'Get out of here,' fishermen tell crew on Northern Pulp survey boat

Fishermen forced a boat doing surveys for the proposed Northern Pulp effluent pipe back to land in Pictou, N.S., on Tuesday morning.

Fishermen escort survey boat for new Northern Pulp effluent pipe back to land

On Tuesday, five fishing boats forced a survey boat for Northern Pulp back to land in Pictou. This summer, hundreds of boats protested Northern Pulp's proposed route for its effluent pipe. (Nic Meloney/CBC)

After a confrontation on the water, a fleet of fishing boats escorted a vessel believed to be conducting survey work for Northern Pulp back to the harbour in Pictou, N.S., on Tuesday morning.

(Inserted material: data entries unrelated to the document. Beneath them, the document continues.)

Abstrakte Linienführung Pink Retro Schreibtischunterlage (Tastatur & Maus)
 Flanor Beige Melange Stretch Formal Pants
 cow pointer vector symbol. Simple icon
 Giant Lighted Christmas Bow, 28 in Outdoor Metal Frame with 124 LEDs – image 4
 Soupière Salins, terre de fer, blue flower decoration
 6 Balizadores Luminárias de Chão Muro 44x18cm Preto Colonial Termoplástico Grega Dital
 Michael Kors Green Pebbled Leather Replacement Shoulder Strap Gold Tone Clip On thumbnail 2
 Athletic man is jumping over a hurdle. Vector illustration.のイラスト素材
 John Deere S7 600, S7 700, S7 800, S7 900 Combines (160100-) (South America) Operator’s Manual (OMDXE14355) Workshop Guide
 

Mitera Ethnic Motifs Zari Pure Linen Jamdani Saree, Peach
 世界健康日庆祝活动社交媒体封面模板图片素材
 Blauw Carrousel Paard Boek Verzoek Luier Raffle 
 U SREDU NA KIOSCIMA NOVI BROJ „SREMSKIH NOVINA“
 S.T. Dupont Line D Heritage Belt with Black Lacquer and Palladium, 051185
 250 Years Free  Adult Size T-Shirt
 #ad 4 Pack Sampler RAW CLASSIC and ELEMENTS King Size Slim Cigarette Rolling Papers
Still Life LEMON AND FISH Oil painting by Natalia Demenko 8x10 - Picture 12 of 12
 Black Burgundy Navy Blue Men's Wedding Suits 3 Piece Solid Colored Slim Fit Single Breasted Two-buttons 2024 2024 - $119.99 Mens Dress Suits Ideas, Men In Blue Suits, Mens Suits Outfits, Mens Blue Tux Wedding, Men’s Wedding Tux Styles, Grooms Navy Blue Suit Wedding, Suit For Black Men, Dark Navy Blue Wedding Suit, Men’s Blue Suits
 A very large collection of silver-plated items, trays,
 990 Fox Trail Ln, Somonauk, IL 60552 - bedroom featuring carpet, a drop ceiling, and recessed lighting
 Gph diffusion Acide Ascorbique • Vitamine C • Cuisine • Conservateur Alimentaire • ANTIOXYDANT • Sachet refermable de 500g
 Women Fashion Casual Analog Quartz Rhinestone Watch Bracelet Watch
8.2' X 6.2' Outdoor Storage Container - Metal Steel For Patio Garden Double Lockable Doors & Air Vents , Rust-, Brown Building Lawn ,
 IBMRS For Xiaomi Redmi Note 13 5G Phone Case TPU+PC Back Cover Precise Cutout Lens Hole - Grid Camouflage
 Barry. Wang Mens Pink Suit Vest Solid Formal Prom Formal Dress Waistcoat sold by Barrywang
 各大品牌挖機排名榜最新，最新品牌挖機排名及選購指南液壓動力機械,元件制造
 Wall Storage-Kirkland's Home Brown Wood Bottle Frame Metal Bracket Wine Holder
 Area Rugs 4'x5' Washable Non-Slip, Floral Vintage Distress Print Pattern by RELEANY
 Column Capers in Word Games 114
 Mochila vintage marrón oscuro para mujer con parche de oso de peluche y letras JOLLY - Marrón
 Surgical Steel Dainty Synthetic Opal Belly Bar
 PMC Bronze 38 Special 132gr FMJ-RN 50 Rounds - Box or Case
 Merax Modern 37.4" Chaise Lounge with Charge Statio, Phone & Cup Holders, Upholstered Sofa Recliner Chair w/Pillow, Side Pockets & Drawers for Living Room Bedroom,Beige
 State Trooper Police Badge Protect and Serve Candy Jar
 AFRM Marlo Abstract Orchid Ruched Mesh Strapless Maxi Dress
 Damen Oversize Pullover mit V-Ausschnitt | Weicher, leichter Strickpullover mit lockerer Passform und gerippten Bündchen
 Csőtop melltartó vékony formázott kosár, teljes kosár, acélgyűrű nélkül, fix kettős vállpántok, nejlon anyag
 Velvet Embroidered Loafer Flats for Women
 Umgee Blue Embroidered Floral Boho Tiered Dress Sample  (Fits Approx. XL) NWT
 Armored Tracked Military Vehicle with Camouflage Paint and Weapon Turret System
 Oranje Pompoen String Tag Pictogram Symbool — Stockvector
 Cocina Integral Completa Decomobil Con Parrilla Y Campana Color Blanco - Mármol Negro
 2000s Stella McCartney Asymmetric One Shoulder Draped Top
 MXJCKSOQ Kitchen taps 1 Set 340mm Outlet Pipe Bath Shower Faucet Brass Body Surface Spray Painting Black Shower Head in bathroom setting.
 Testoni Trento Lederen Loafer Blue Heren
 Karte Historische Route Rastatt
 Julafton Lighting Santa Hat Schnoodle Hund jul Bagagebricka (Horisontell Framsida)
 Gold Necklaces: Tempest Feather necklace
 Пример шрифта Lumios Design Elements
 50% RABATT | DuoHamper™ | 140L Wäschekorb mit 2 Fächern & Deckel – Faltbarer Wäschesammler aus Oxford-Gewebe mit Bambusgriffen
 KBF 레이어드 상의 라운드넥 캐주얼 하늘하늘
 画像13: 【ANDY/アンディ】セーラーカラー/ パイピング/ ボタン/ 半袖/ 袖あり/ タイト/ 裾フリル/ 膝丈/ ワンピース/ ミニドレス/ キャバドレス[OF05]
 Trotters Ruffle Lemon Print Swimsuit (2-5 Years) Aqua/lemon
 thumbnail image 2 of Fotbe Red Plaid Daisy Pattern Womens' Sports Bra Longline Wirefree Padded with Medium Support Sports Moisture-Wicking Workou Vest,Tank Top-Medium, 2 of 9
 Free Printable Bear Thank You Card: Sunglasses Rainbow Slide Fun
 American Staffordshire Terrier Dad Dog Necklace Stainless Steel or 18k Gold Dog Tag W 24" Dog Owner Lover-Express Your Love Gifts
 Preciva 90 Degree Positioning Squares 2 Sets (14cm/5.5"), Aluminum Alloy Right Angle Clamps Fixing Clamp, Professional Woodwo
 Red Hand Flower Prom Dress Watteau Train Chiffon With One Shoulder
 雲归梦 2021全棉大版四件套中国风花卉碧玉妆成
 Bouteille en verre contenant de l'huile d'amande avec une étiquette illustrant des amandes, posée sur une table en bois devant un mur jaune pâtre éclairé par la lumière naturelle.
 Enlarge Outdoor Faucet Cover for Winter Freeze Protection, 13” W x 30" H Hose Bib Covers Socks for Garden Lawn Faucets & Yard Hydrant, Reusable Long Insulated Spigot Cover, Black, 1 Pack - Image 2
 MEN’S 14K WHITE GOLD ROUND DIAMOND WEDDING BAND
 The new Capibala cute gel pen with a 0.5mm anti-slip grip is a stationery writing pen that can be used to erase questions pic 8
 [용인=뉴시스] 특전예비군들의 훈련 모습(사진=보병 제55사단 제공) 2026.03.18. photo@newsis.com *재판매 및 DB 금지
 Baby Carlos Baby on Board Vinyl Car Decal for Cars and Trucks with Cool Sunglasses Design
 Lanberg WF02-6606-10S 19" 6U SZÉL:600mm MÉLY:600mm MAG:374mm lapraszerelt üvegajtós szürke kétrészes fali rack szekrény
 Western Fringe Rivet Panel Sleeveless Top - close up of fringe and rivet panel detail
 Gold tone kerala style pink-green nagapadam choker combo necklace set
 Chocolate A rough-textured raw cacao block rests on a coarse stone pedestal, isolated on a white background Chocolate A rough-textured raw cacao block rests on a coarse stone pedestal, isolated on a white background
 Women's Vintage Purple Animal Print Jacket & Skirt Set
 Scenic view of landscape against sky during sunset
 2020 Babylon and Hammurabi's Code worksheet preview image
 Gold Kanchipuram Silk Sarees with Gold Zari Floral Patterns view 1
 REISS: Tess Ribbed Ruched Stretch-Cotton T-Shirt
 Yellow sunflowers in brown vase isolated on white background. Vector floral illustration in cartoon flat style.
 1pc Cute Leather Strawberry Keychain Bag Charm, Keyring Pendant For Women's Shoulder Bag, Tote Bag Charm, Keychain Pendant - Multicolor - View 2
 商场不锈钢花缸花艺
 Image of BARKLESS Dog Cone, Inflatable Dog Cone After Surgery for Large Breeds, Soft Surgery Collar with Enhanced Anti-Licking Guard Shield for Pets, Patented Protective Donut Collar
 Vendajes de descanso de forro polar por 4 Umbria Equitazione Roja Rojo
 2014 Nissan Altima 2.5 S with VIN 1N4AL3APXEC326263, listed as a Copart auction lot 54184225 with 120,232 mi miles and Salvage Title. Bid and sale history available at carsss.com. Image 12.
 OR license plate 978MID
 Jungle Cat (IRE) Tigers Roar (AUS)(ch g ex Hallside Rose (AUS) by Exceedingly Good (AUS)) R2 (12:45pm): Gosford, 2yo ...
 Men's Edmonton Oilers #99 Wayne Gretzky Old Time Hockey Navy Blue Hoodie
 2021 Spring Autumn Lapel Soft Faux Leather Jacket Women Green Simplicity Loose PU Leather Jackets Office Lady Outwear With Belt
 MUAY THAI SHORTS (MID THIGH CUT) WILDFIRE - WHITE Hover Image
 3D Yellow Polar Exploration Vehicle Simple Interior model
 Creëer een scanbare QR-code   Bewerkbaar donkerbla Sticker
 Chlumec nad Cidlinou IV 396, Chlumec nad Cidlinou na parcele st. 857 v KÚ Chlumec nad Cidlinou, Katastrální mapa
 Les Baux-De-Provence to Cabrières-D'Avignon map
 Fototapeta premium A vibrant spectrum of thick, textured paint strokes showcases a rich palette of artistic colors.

Fisherman Allan MacCarthy was the first to reach the survey boat about three kilometres from Caribou, N.S.

"I said to them, you better get out of here because the ones that are following me aren't going to be as nice as I am," he said.

"I just told the guys in the boat, your job is not worth this. Get out of here. Get that boat back to Pictou."

MacCarthy said the survey boat was doing work in connection with the Northern Pulp paper mill's proposed pipeline that would take effluent from the plant to the water near Caribou.

A boat doing survey work for the proposed Northern Pulp effluent pipe is tied to the wharf in Pictou, N.S., after a confrontation with fishermen. (Submitted by Ben Anderson)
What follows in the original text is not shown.